Until, and unless the U.S. negotiating team rids itself of the misconception that military victory equals strategic dominance, we’re not going to get to a solution.

Alan Eyre

Distinguished Diplomatic Fellow at the Middle East Institute

Underlying differences between Washington and Tehran run deeper than the current impasse, said Alan Eyre, a distinguished diplomatic fellow at the Middle East Institute and former member of the U.S. team that negotiated the 2015 Iran nuclear deal.

“The U.S. side has really not been focused on negotiation per se. What they’ve been waiting for is Iranian capitulation,” Eyre said. “Until and unless the U.S. negotiating team rids itself of the misconception that military victory equals strategic dominance, we’re not going to get to a solution.”

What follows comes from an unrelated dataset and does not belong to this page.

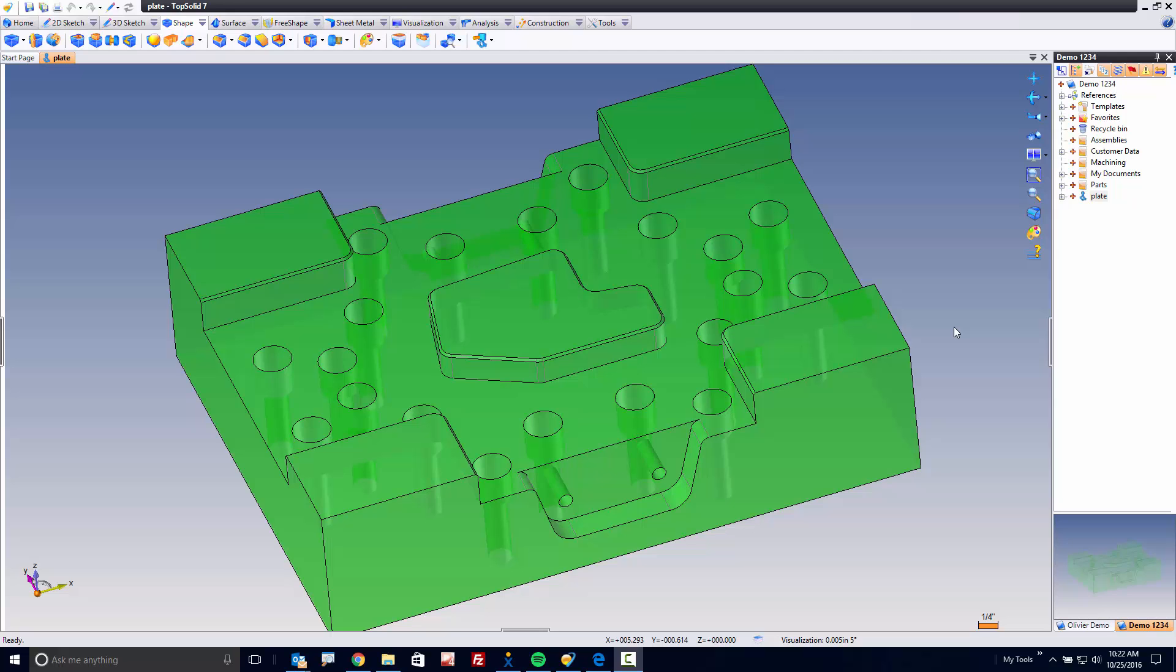Welcome to TopSolid 7. You know sometimes manufacturing is not so cut and dry. Sometimes you have to prepare parts prior to being able to cut them.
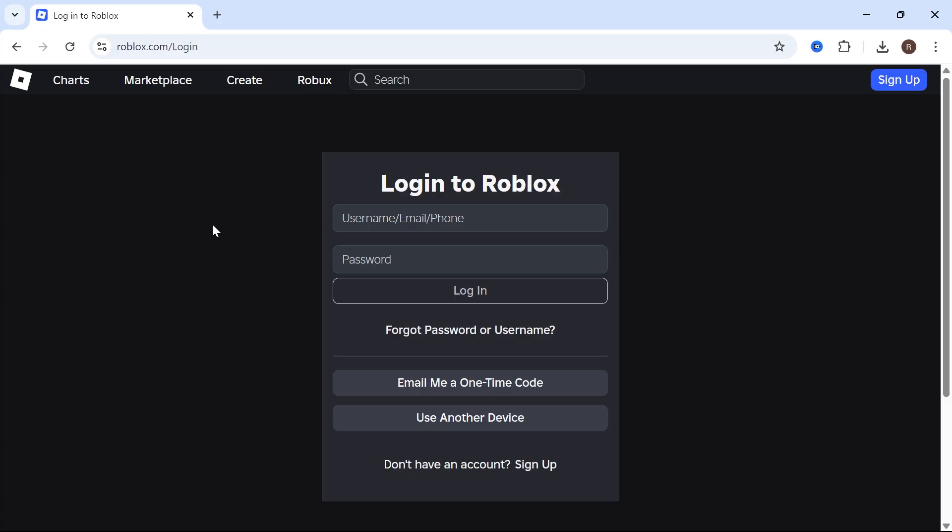Now you can do this for any device that you want. You can do this on a mobile or an iPad as well. And once you're on the login Roblox page, just select use another device at the bottom here.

Eyre warns that the latest flashpoints risk taking the conflict a leg higher in the near term. “There’s an escalatory predisposition here where both sides could escalate and go back into a shooting war, which no one wants.”

While a productive round of negotiations in Islamabad remains a possibility, it is “unfortunately more likely to just go the other way — a resumption of hostilities,” Eyre added.

High-stake gamble

The economic costs of the conflict are mounting as the Strait of Hormuz — which normally carries roughly one-fifth of global oil supply — has been effectively closed for nearly two months.

“The crisis is one of lost time and lost production,” Johnston said, estimating supply disruptions of around 13 million barrels of crude, condensates, and natural gas liquids per day.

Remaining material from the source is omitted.